Crawled caption data ::
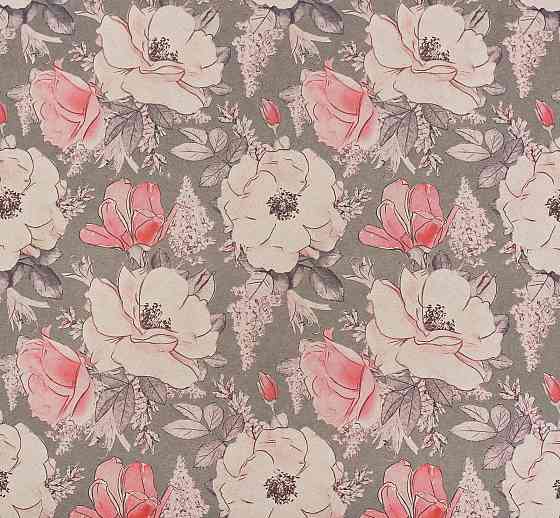 Бумага для упаковки цветов и подарков Донецк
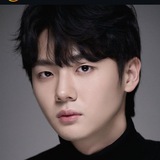 Telegram profile photo for choi jaesun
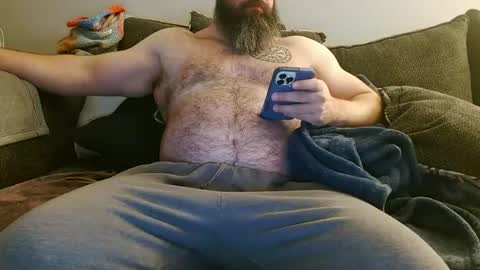 Golgara online show from January 30, 5:41 am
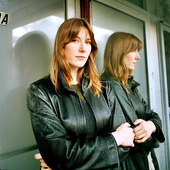 Georgia Harmer-1.png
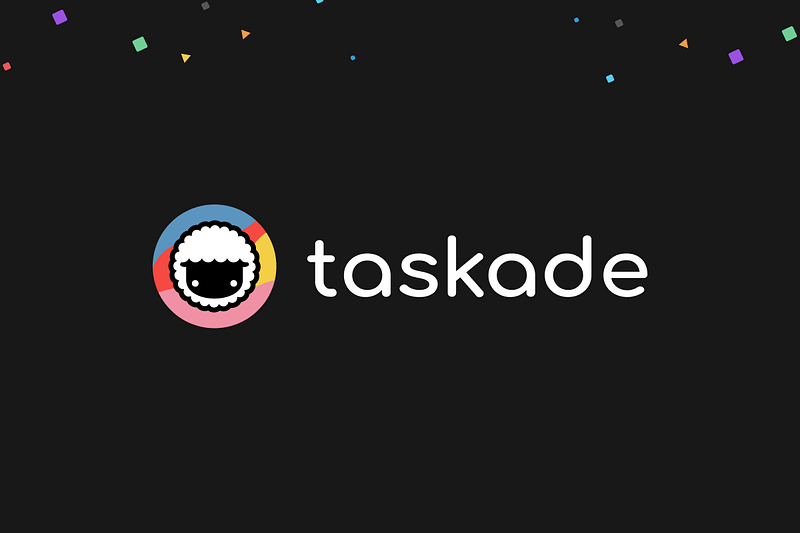 Taskade AI Interface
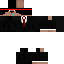 Texture for Bogdan2442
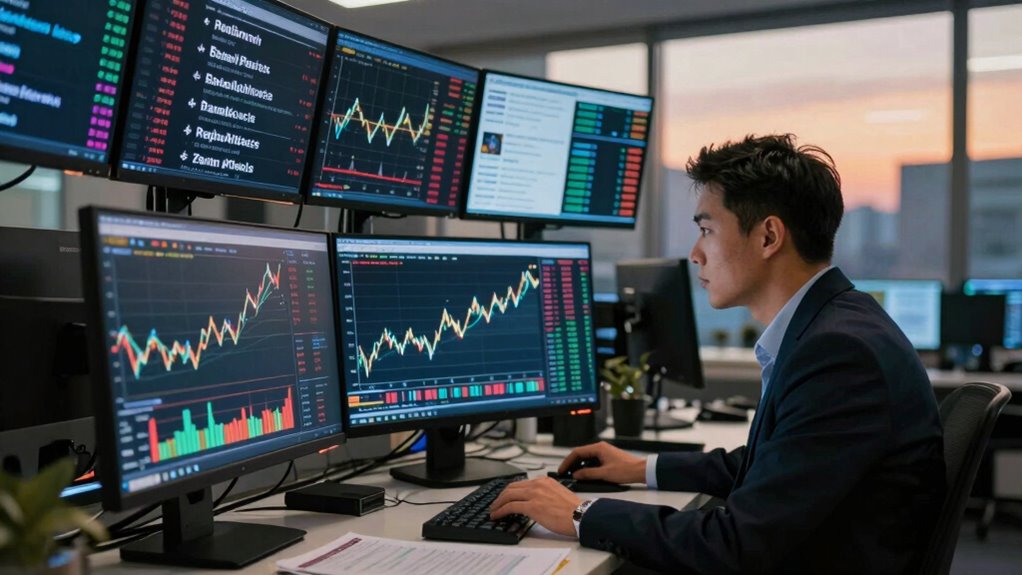 crypto recoveries boost confidence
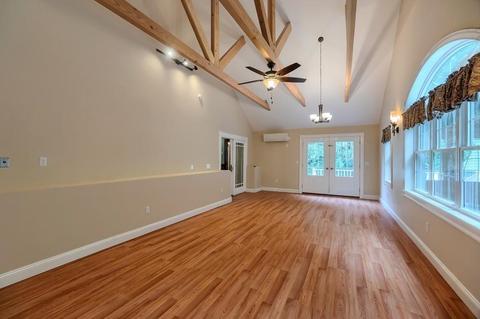 59 Neck Rd, Lancaster, MA 01523 photo 25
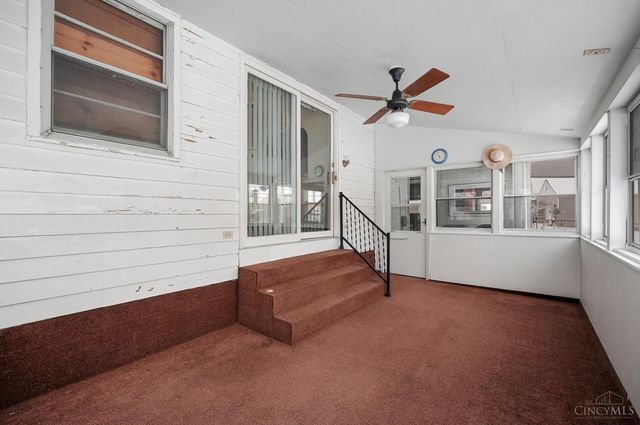 146 Winston Drive, Hamilton, OH 45013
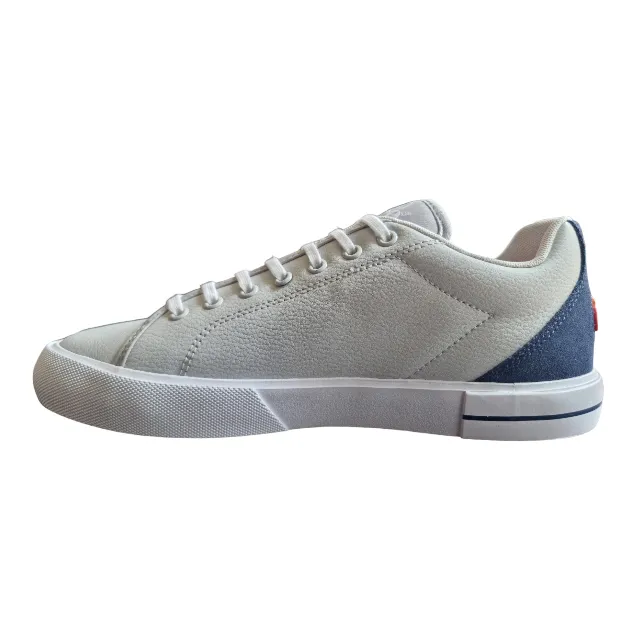 Ellesse Taggia Trainers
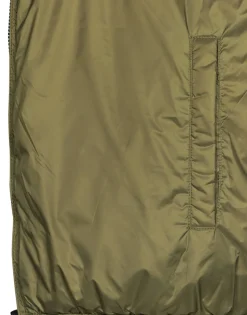 Volcom - WALLTZERD JACKET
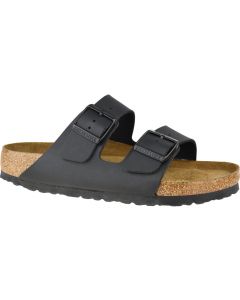 damskie Birkenstock Arizona BF SFB 551251 001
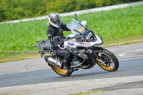 Rapid Training Day.24th July 2024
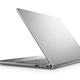 8-2-2023/dell-inspiron-13-5310-2-v-37-a-.jpg
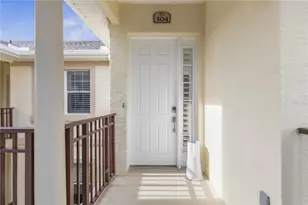 200 Riverfront Dr, Palm Coast, FL 32137 - Photo 6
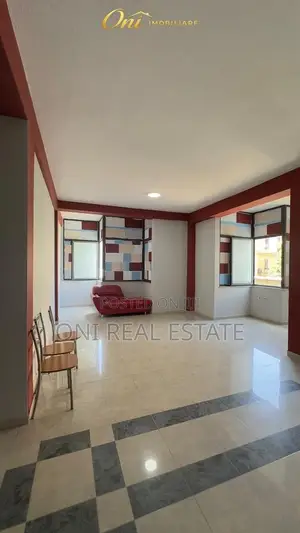 Office to rent Center (Tirana - city)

ASSIGNMENT :: Only the text of the records above is to be reproduced, exactly as given; the pictures are dropped.

RESPONSE AREA ::
 Бумага для упаковки цветов и подарков Донецк
 Telegram profile photo for choi jaesun
 Golgara online show from January 30, 5:41 am
 Georgia Harmer-1.png
 Taskade AI Interface
 Texture for Bogdan2442
 crypto recoveries boost confidence
 59 Neck Rd, Lancaster, MA 01523 photo 25
 146 Winston Drive, Hamilton, OH 45013
 Ellesse Taggia Trainers
 Volcom - WALLTZERD JACKET
 damskie Birkenstock Arizona BF SFB 551251 001
 Rapid Training Day.24th July 2024
 8-2-2023/dell-inspiron-13-5310-2-v-37-a-.jpg
 200 Riverfront Dr, Palm Coast, FL 32137 - Photo 6
 Office to rent Center (Tirana - city)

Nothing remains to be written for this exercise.